Your task: Copy out exactly the lines below that run from the one holding "Fawk W Skijakke" to the one holding "Blu-ray My Hero Academia: Season 4 Book", keeping both of those lines and no others.

Data:

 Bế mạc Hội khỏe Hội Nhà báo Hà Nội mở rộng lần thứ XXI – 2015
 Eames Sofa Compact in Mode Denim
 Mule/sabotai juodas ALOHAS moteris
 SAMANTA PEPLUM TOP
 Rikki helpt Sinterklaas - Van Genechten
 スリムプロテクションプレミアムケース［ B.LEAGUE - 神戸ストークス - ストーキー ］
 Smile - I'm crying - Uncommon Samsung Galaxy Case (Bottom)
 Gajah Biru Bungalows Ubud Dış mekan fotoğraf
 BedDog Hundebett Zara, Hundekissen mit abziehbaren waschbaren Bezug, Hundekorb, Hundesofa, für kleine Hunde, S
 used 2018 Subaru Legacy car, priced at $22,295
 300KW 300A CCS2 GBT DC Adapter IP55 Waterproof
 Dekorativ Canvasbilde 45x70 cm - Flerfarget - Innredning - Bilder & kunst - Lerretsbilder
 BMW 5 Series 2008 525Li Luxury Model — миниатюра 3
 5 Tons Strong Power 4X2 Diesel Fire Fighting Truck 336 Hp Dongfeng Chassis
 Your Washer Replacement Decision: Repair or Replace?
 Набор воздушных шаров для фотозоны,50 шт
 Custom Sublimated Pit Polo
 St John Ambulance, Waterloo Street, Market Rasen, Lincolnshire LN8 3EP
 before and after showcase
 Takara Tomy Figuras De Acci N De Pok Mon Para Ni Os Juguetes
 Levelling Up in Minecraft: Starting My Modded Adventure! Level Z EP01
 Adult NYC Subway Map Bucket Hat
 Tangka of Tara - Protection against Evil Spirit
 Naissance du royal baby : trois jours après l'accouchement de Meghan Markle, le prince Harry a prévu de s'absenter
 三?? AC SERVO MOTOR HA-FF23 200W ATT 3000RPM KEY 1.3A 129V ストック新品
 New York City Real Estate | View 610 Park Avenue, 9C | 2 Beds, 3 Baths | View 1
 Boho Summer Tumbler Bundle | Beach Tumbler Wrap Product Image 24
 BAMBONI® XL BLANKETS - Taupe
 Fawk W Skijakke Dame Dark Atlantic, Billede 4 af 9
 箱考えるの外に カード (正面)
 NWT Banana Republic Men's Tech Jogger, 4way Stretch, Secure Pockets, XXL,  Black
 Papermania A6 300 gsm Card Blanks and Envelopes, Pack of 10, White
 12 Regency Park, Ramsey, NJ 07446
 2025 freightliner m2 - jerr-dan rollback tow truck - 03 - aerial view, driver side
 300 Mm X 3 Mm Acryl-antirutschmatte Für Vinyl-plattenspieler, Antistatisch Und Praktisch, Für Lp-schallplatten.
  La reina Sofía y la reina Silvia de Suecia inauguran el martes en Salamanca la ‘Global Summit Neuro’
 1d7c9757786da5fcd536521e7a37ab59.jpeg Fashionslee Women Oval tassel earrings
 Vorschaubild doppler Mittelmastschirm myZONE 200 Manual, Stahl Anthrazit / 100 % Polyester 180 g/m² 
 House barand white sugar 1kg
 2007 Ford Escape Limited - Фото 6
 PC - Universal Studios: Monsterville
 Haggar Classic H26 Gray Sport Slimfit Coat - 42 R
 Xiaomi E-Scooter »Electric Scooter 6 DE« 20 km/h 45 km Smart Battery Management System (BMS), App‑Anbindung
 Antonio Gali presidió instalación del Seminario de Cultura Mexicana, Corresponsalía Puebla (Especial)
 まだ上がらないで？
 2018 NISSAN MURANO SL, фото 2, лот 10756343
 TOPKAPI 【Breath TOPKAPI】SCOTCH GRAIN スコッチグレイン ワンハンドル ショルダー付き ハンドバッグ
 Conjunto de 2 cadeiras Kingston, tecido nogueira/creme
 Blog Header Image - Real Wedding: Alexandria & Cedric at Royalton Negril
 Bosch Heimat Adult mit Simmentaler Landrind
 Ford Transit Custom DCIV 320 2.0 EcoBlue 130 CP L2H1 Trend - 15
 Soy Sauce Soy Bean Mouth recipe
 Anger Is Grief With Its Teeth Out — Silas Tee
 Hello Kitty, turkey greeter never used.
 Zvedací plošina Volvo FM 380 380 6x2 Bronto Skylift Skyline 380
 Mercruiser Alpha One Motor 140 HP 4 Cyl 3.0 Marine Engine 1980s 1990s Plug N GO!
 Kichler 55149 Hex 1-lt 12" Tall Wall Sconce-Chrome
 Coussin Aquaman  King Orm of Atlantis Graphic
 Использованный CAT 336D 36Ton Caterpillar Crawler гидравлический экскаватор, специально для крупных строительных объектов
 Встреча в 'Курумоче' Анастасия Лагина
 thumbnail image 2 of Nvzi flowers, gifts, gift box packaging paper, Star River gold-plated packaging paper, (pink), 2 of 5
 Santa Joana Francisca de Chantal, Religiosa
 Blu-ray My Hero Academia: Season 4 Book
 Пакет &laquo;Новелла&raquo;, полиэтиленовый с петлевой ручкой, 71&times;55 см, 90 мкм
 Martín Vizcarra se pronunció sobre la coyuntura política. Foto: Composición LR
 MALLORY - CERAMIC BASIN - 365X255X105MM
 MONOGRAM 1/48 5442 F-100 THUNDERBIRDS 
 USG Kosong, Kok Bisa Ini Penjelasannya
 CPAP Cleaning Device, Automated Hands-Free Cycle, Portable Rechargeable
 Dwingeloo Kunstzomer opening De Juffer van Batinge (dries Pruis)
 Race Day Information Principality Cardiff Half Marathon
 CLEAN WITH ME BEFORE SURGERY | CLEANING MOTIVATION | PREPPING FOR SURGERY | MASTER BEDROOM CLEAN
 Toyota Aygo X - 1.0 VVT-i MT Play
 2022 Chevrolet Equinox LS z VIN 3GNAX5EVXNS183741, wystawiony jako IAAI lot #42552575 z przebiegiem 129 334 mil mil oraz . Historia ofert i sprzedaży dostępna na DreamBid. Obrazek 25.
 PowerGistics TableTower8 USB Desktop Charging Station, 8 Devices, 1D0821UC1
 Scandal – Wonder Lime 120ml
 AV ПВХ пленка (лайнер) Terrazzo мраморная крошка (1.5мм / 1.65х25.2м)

Output below:
 Fawk W Skijakke Dame Dark Atlantic, Billede 4 af 9
 箱考えるの外に カード (正面)
 NWT Banana Republic Men's Tech Jogger, 4way Stretch, Secure Pockets, XXL,  Black
 Papermania A6 300 gsm Card Blanks and Envelopes, Pack of 10, White
 12 Regency Park, Ramsey, NJ 07446
 2025 freightliner m2 - jerr-dan rollback tow truck - 03 - aerial view, driver side
 300 Mm X 3 Mm Acryl-antirutschmatte Für Vinyl-plattenspieler, Antistatisch Und Praktisch, Für Lp-schallplatten.
  La reina Sofía y la reina Silvia de Suecia inauguran el martes en Salamanca la ‘Global Summit Neuro’
 1d7c9757786da5fcd536521e7a37ab59.jpeg Fashionslee Women Oval tassel earrings
 Vorschaubild doppler Mittelmastschirm myZONE 200 Manual, Stahl Anthrazit / 100 % Polyester 180 g/m² 
 House barand white sugar 1kg
 2007 Ford Escape Limited - Фото 6
 PC - Universal Studios: Monsterville
 Haggar Classic H26 Gray Sport Slimfit Coat - 42 R
 Xiaomi E-Scooter »Electric Scooter 6 DE« 20 km/h 45 km Smart Battery Management System (BMS), App‑Anbindung
 Antonio Gali presidió instalación del Seminario de Cultura Mexicana, Corresponsalía Puebla (Especial)
 まだ上がらないで？
 2018 NISSAN MURANO SL, фото 2, лот 10756343
 TOPKAPI 【Breath TOPKAPI】SCOTCH GRAIN スコッチグレイン ワンハンドル ショルダー付き ハンドバッグ
 Conjunto de 2 cadeiras Kingston, tecido nogueira/creme
 Blog Header Image - Real Wedding: Alexandria & Cedric at Royalton Negril
 Bosch Heimat Adult mit Simmentaler Landrind
 Ford Transit Custom DCIV 320 2.0 EcoBlue 130 CP L2H1 Trend - 15
 Soy Sauce Soy Bean Mouth recipe
 Anger Is Grief With Its Teeth Out — Silas Tee
 Hello Kitty, turkey greeter never used.
 Zvedací plošina Volvo FM 380 380 6x2 Bronto Skylift Skyline 380
 Mercruiser Alpha One Motor 140 HP 4 Cyl 3.0 Marine Engine 1980s 1990s Plug N GO!
 Kichler 55149 Hex 1-lt 12" Tall Wall Sconce-Chrome
 Coussin Aquaman  King Orm of Atlantis Graphic
 Использованный CAT 336D 36Ton Caterpillar Crawler гидравлический экскаватор, специально для крупных строительных объектов
 Встреча в 'Курумоче' Анастасия Лагина
 thumbnail image 2 of Nvzi flowers, gifts, gift box packaging paper, Star River gold-plated packaging paper, (pink), 2 of 5
 Santa Joana Francisca de Chantal, Religiosa
 Blu-ray My Hero Academia: Season 4 Book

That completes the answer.